/---

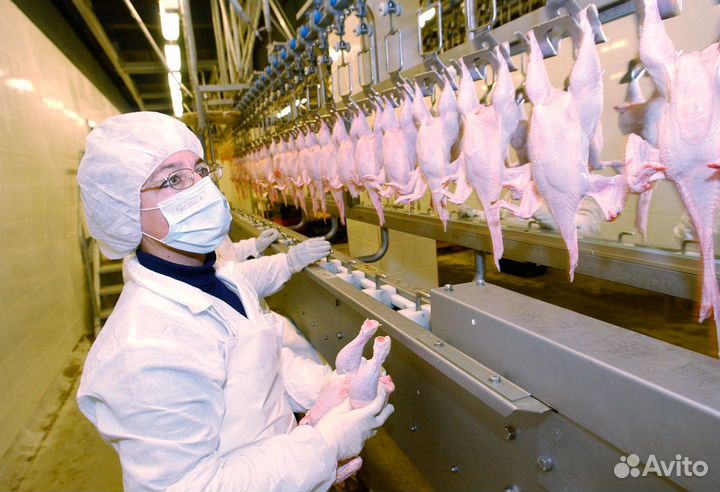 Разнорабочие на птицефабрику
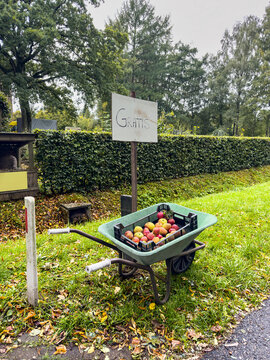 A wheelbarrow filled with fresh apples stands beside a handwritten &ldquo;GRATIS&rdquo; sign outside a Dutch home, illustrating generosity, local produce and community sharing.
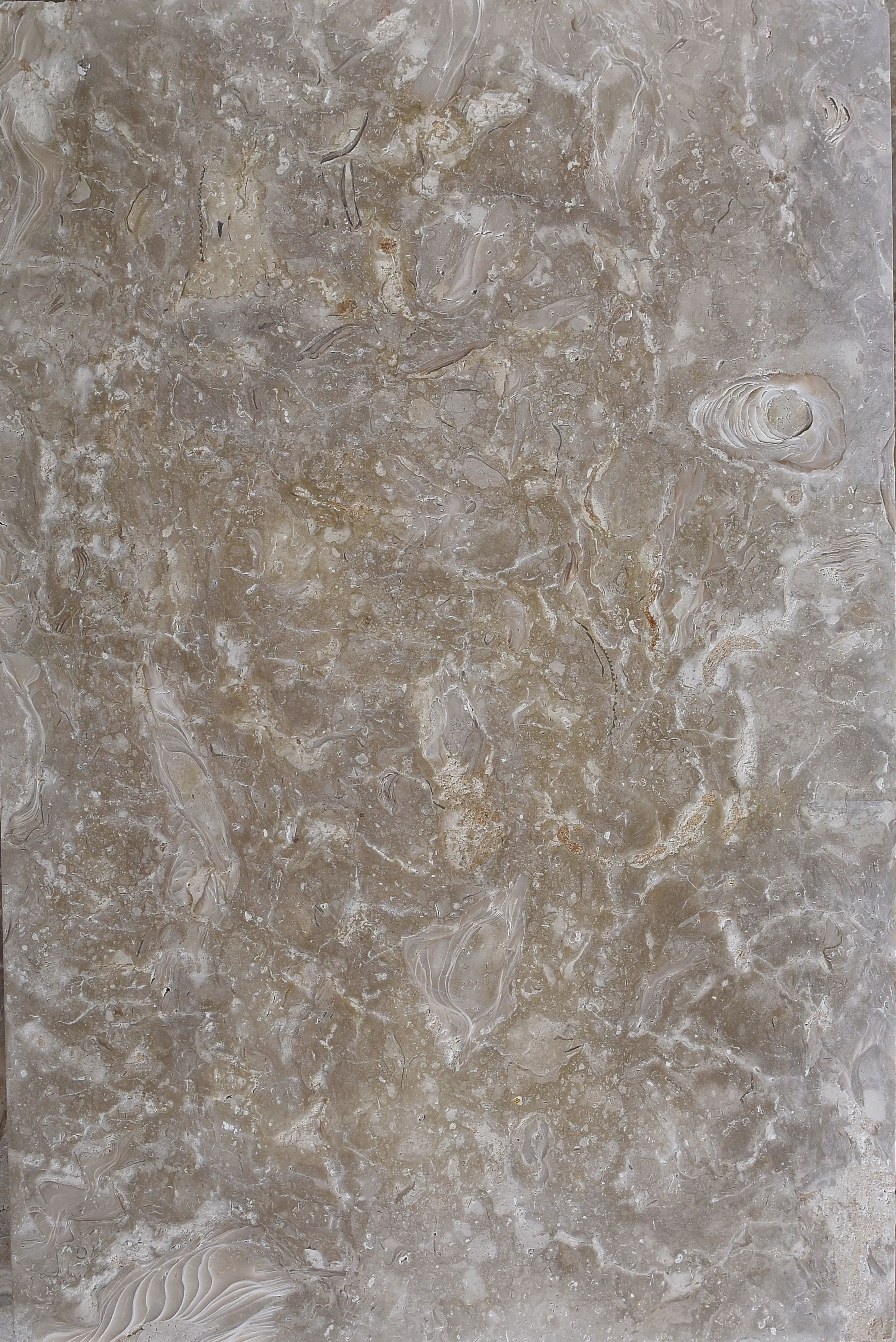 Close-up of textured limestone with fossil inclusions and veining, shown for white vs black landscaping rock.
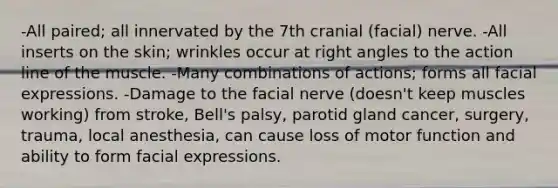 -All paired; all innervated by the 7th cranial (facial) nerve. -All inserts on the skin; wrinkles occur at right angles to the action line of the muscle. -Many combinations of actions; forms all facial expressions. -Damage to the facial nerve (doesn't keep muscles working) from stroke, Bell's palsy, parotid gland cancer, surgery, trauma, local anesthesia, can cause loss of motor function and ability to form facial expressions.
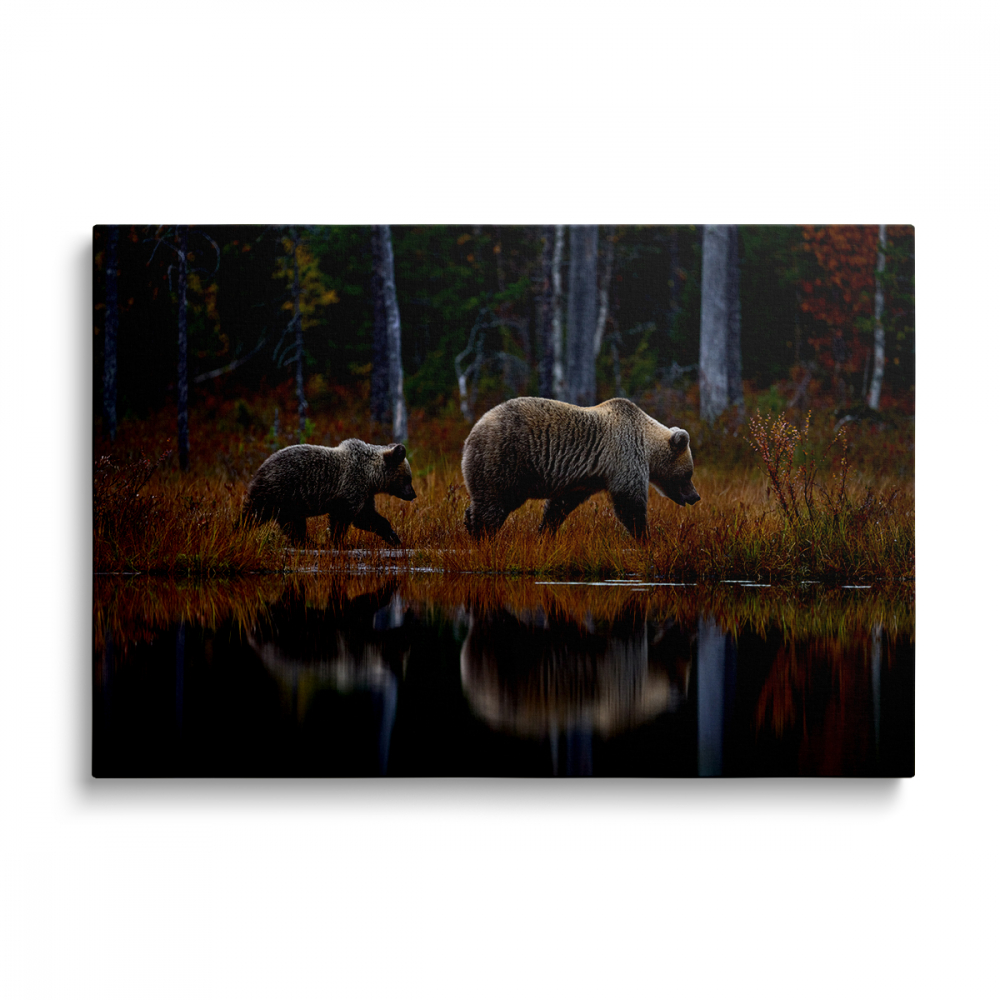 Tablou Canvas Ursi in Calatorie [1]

\---

▶ _What the task asks_: Give back the records above exactly. Pictures stay out.

▶ _Result of this exercise_:
 Разнорабочие на птицефабрику
 A wheelbarrow filled with fresh apples stands beside a handwritten &ldquo;GRATIS&rdquo; sign outside a Dutch home, illustrating generosity, local produce and community sharing.
 Close-up of textured limestone with fossil inclusions and veining, shown for white vs black landscaping rock.
 -All paired; all innervated by the 7th cranial (facial) nerve. -All inserts on the skin; wrinkles occur at right angles to the action line of the muscle. -Many combinations of actions; forms all facial expressions. -Damage to the facial nerve (doesn't keep muscles working) from stroke, Bell's palsy, parotid gland cancer, surgery, trauma, local anesthesia, can cause loss of motor function and ability to form facial expressions.
 Tablou Canvas Ursi in Calatorie [1]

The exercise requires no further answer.